Edit: looked at the ticket and it's not exactly the kind of timeout I was thinking of.
This timeout might be caused by something that's loosely a function of time or resources usage. If it's resource usage, because the servers are federated, those spikes might happen across servers as everything is pushing events to subscribers. So, failure gets synchronized.
Or it could just be a coincidence. We as humans like to look for patterns in random events.
Interesting. Never thought of it that way.
Interesting
wrong issue lol
This probably makes more sense although the issue I was experiencing earlier had similar logs as the issue I linked and others have commented on it too around the same time. I'm guessing they're related.
The original issue is just a symptom of all database threads being tied up. People just don't know how to follow an error message to the root cause.
The real source of the issue is db locking from triggers and cascading deletes on a major user change.
My report in https://github.com/LemmyNet/lemmy/issues/3649 has the offending query.
Thanks for clarifying.
I had that too. Tried multiple instances myself. Nice username btw.
It seem like it's a bug which spread through more than a ddos.
Restarting the backend of an instance should fix the problem otherwise web users could try clearing the cookies
Another DDOS? There's been a few of them lately
Probably a sign that the platform is getting more popular, nobody wants to DDoS a place without any users
I was facing issues with lemmy.world too, now seems to be okay
I get that message pretty much every time I visit a Community that I haven't visited before (or maybe one that no-else from my instance has visited before).
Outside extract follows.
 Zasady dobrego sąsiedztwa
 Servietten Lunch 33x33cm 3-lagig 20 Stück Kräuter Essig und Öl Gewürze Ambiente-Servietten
It get fixed on a refresh (like the message suggests), so I'm guessing it's a problem with time-out settings when my instance has to pull in a lot of new data.
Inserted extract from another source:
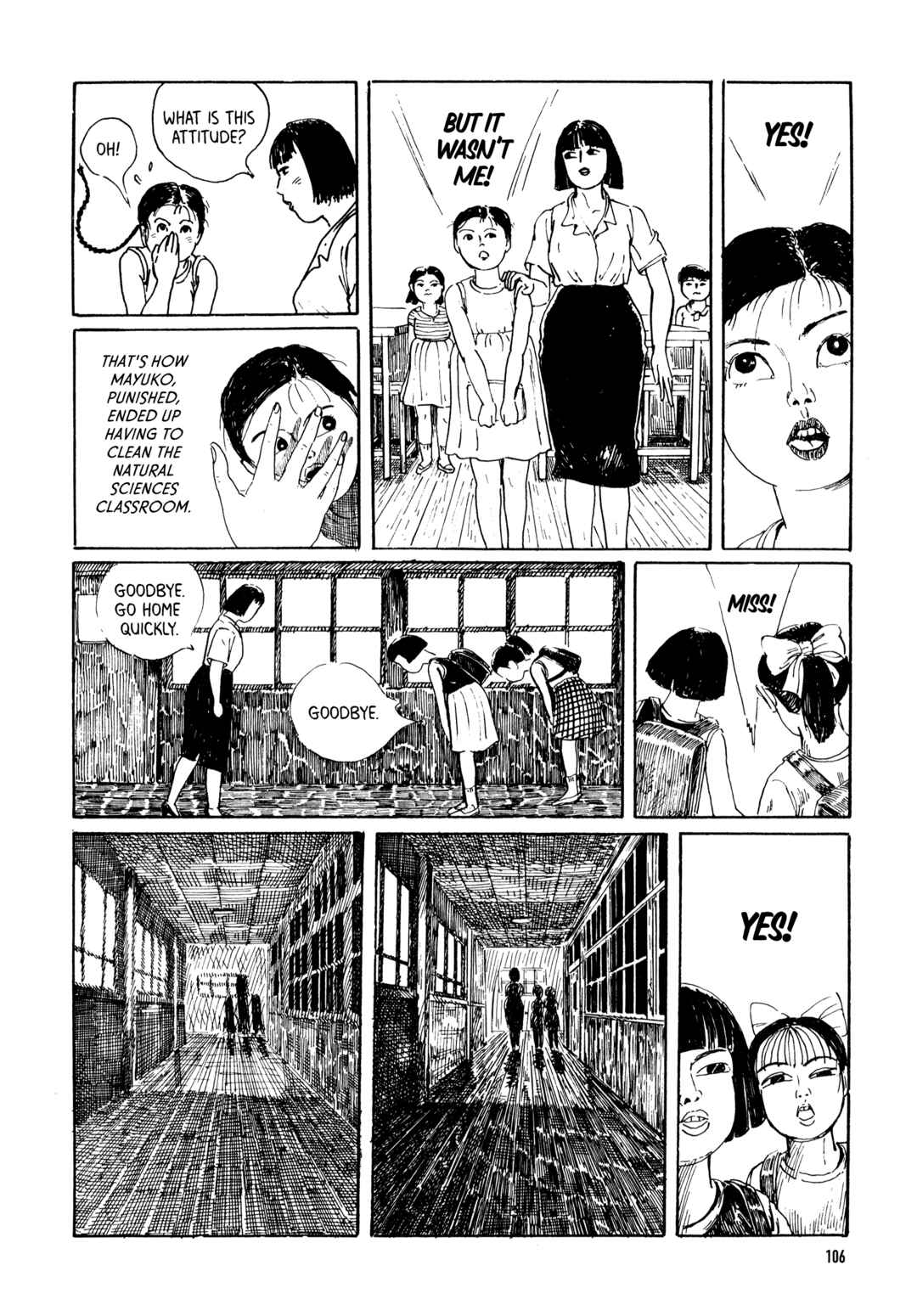 Page 6 Chapter 6 Under the Loquat Tree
Only one working for me is ~~lemme~~lemm.ee. Lemmy.world and sh.itjust.works don't work
Lemmy.world was only down for ten minutes
Everything is back up now. I used connect for Lemmy and it actually tells you why an instance is not working. Lemmy.world was under maintenance, and the other one was just down.
For those affected by these outages in the larger servers and who'd be interested in helping spread around: my instance will be free for the first 250 registrations. There are ~220 spots still left.
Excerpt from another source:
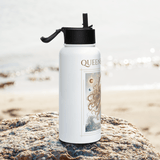 'Sasha' Mermaid Stainless Steel Water Bottle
The catch is that my registration process is (purposefully) difficult to avoid squatters/spammers/bots. So you need to do one of the following:
Edit: downvoters, please don't be so cynical. I've been offering this even before the reddit blackout. What is so bad about it?
Thanks for sharing this, don't mind the downvotes
That’s the problem with the fediverse. They tend to go down a lot. Same thing happens with mastodon servers.
So does reddit.
That's fine by me. Opportunity to do something else.
But infinite contenttttt engagementtttt shareholderssssd
Overloaded servers (cpu,ram,disk), not enough bandwidth, endless possibillities...
Occuring on multiple instances at the same time? Unlikely.
idk, my server is in good shape 😅 But could be some bug in code which overload them.
When vlemmy.net disappeared (and it was the only one I had registered to), I registered at lemmy.world, sh.itjust.works, and while I was trying to register at lemmy.ML, I registered at feddit.NL by mistake. (then I requested a login at lemmy.ml, but never got a confirmation).
At the moment feddit.NL is the only instance I have a login at that I can use.
That was a happy mistake :-)
Maybe the problem is me. If feddit.nl goes down, I'll know for sure.